Task input below:
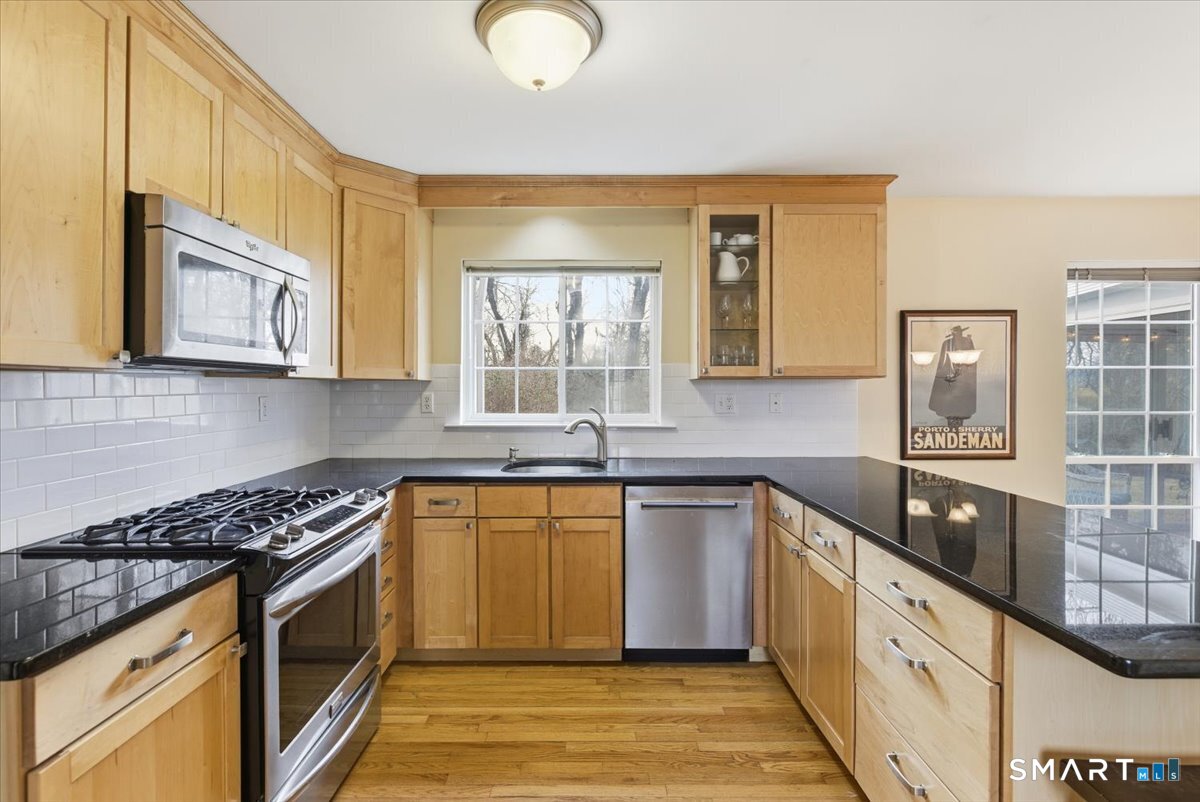 367 Main Street, Unit 7 Old Saybrook, CT 06475 - Photo 12 of 27 a kitchen with stainless steel appliances granite countertop a stove a sink and a microwave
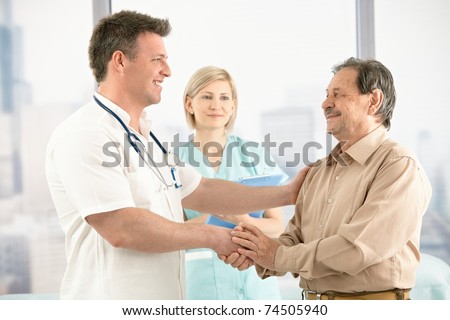 Smiling medical doctor shaking hands with happy senior patient, nurse in background.?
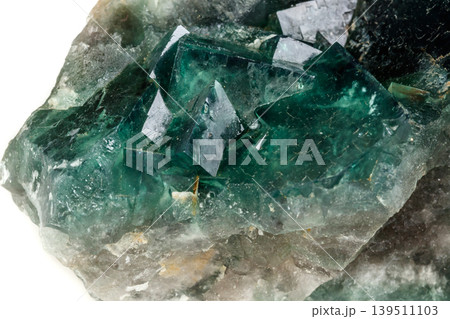 Macro mineral stone Fluorite on a white background 139511103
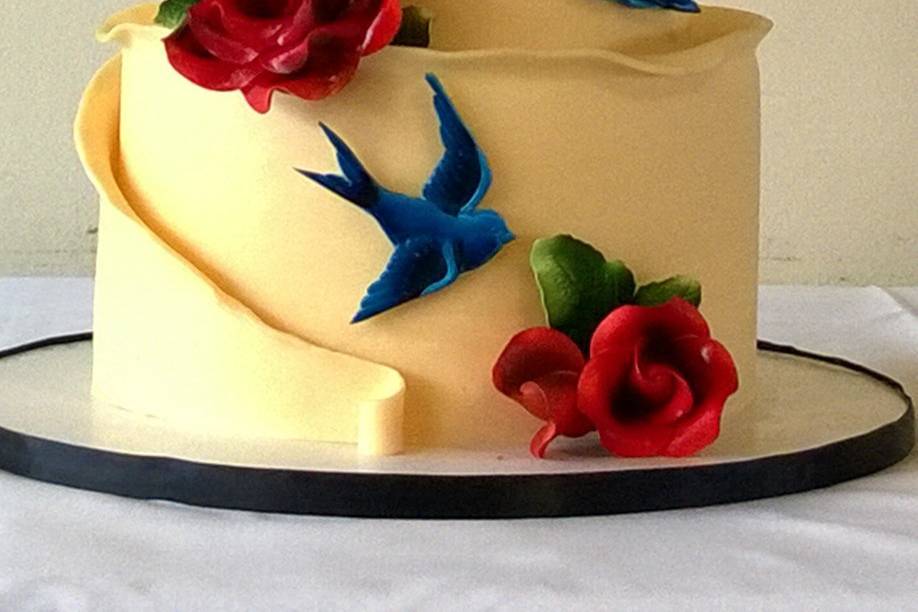Romantic 3 tier vintage tatoo art cake wrapped in white modeling chocolate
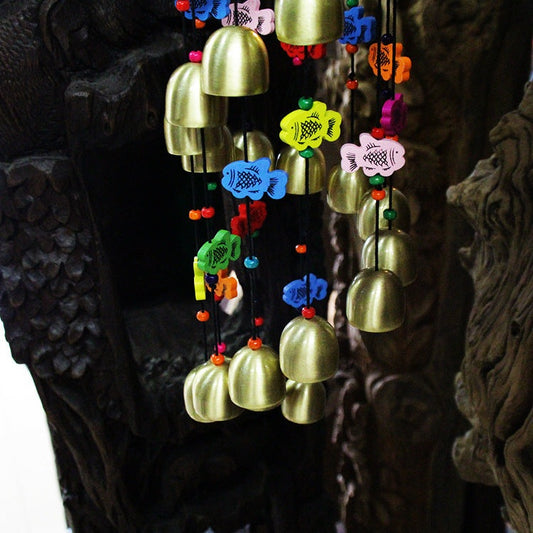 Colorful home wind chime with bells and wooden fish.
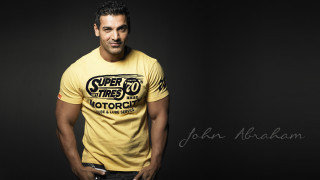 Man yellow shirt pose hands 2 - his hands in his pockets free wallpaper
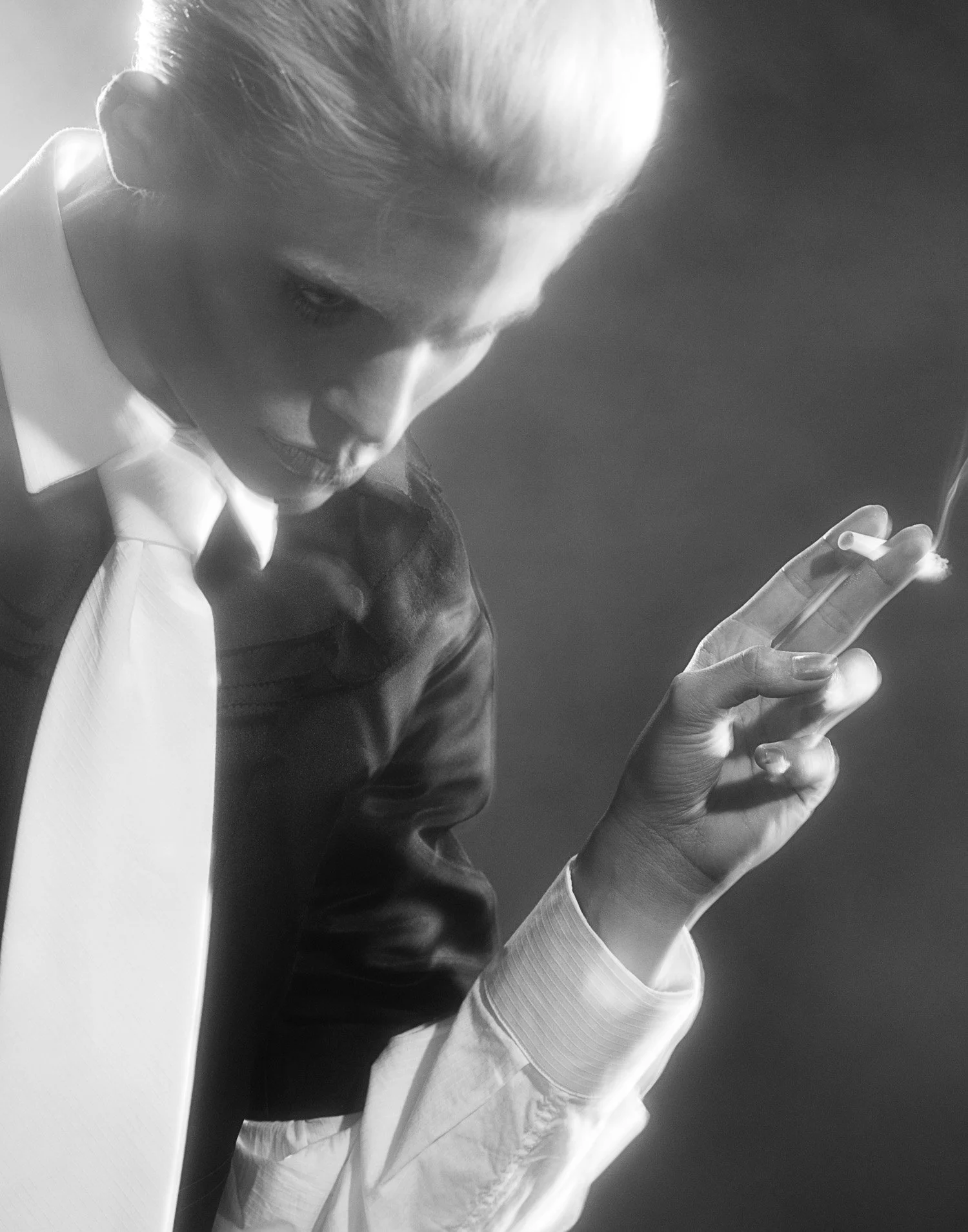 A black and white photo of a woman with platinum blonde hair tied back, wearing a white shirt, black leather jacket, and white tie. She is looking down, holding a lit cigarette in her hand.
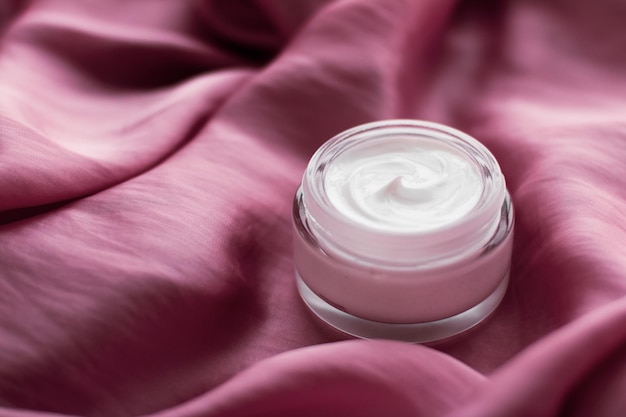 Frasco de crema facial de lujo en una seda rosa suave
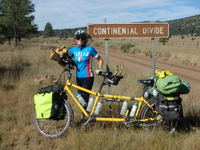 GDMBR: Terry Struck and the Bee (da Vinci Touring Tandem) posing in front of a Continental Divide Sign, literally on the Continental Divide Trail (CDT) at the GDMBR's Divide Crossing #24.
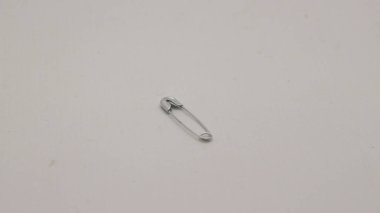 Emniyet iğnesi metalden ve gümüşten yapılmış, beyaz bir arka planı var..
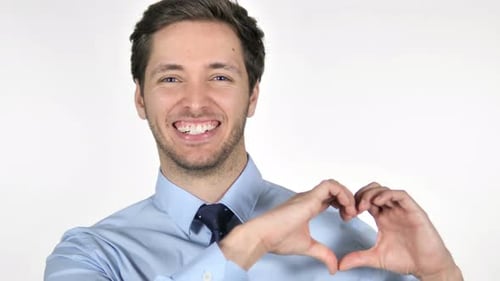 Smiling Man Makes Heart Shape with Hands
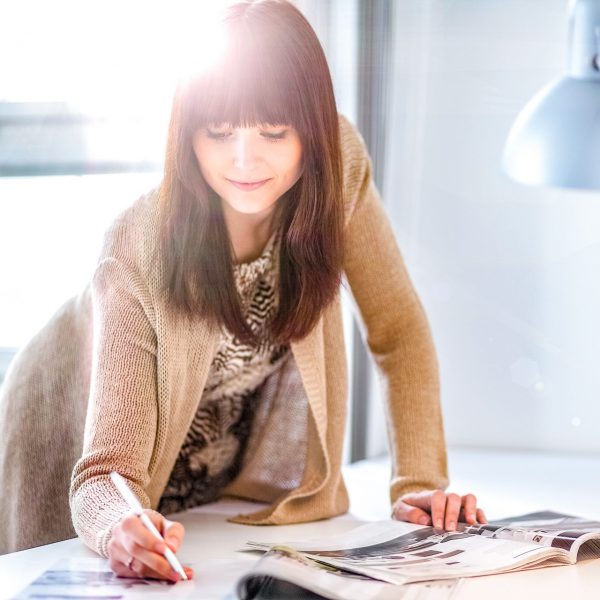 A business woman leaning over her desk and writing on a piece of paper with the sun shining in the background
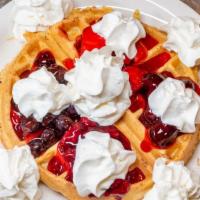 Patriot Waffle · Topped with strawberries, blueberries, and whipped cream.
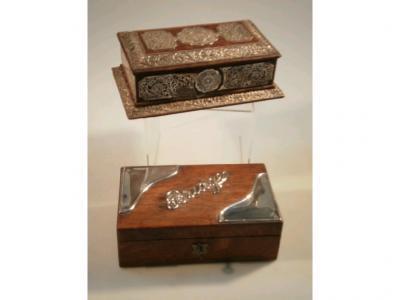 A Tiffany & Co hardwood trinket box decorated with filigree white metal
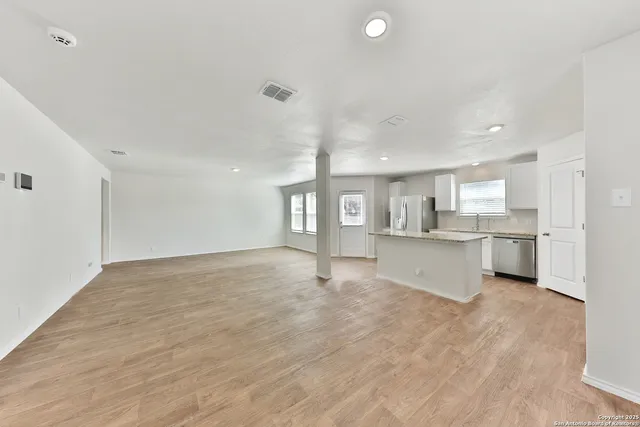 a view of a kitchen with a sink and cabinets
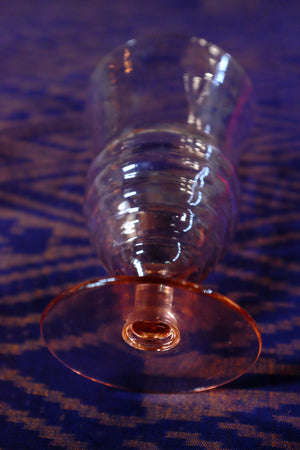 Vintage pink depression glass stemware showing ripples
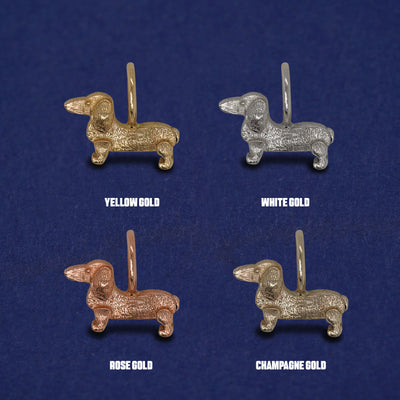 Four versions of the Dog Charm shown in options of yellow, white, rose, and champagne gold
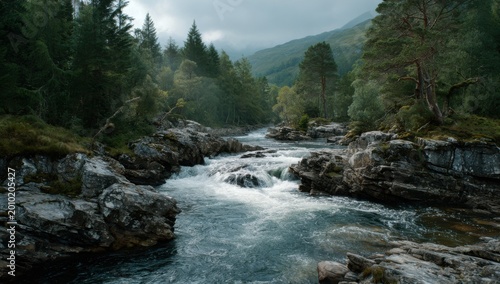 Majestic Scottish Highlands River Flowing Through Rocky Terrain.
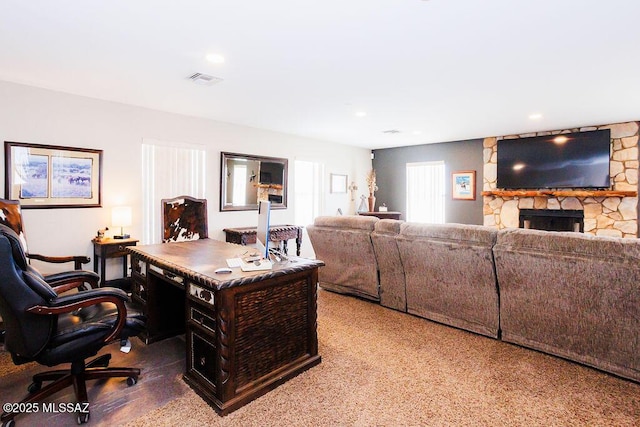 office featuring recessed lighting, visible vents, and a fireplace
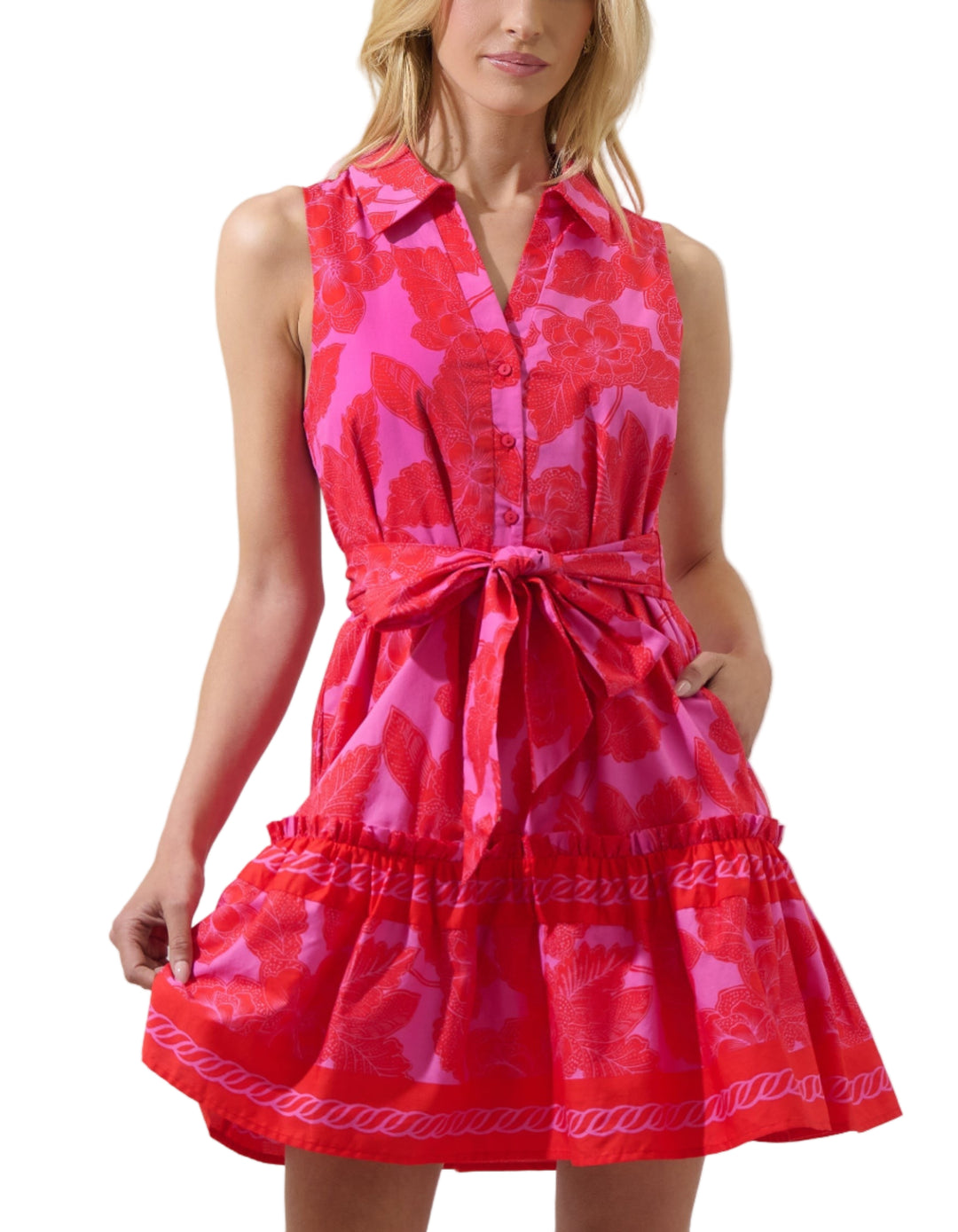 Romance is in the air. The Rency Floral Zady Sleeveless Mini Dress has a collared neck with a no sleeves. It also has a button up front with a belt around the waist. It ends with a ruffle mini hem. Wear it with a sun hat, mini bag, and flat sandals for a beachy chic ensemble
End of Task input.
Transcribe, word for word, the stretch of lines in the data above from the one with "Man yellow shirt" through the one with "Frasco de crema"; omit all pictures.

 Man yellow shirt pose hands 2 - his hands in his pockets free wallpaper
 A black and white photo of a woman with platinum blonde hair tied back, wearing a white shirt, black leather jacket, and white tie. She is looking down, holding a lit cigarette in her hand.
 Frasco de crema facial de lujo en una seda rosa suave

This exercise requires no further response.